The noble Lord, Lord Phillips, asked the Government to give further consideration to the clause. We have given very careful consideration to the amendment we have moved. It reflects an undertaking given to the noble Lord, Lord Dholakia, during the earlier stages of the Bill. We consider that the amendment provides for the circumstances he described.

We hope to introduce a regularisation period in January 2000; the regularisation period will be for eight to nine months. It may offer the noble Lord some comfort that we intend to publicise details of the scheme in the ethnic minority press. We shall also be consulting the voluntary sector. With those important caveats, the amendment should be acceptable to your Lordships. As the noble Lord Phillips said, this is a minimum period.

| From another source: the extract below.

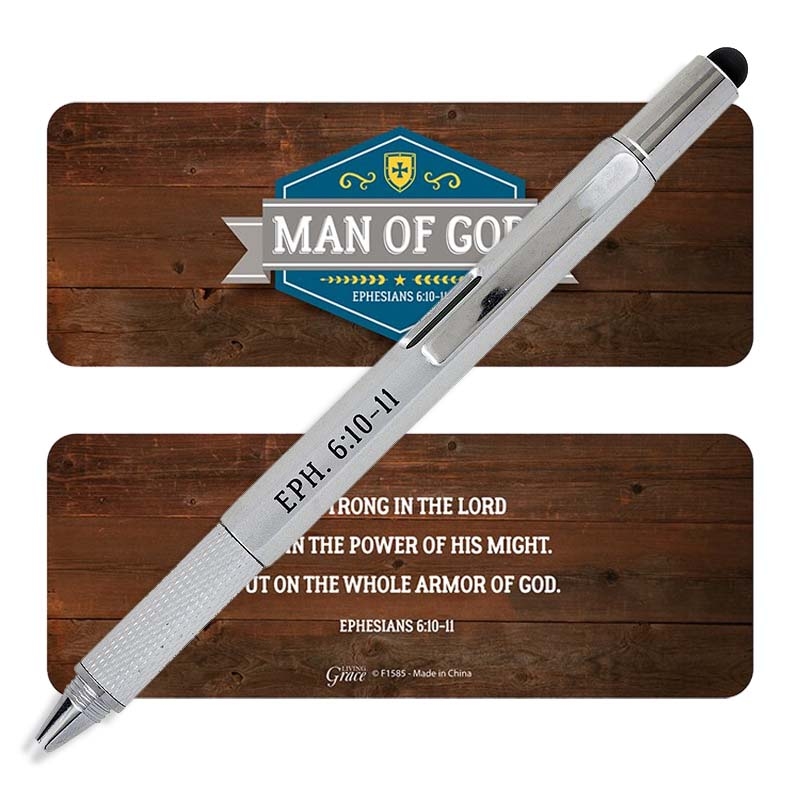 Man Of God Multi-function Stylus Pen Tool - The Christian Shop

We can extend it; there is flexibility. We have the right to extend it.

This is a practical measure dealing with a difficult and complex situation which we need to regularise and regulate effectively so that this piece of the legislation works well in our interests and in the interests of those who are subject to its provisions.

Baroness Williams of Crosby: My Lords, may I ask the Minister to respond to the question posed by my noble friend on the issue of publicity. That is a matter of great importance. I believe my noble friend Lord Dholakia also has a question.

Lord Dholakia: My Lords, perhaps I may ask the Minister whether any thought has been given to the number of applications there will be from people appealing against the decision. Bearing in mind that there are some 70,000 to 80,000 people in the queue, the fact that the Home Office will have a new computer, and the utter chaos that exists, how can the Minister say genuinely that there will be a cut-off date within a period of eight or nine months? How can that be done without creating absolute chaos?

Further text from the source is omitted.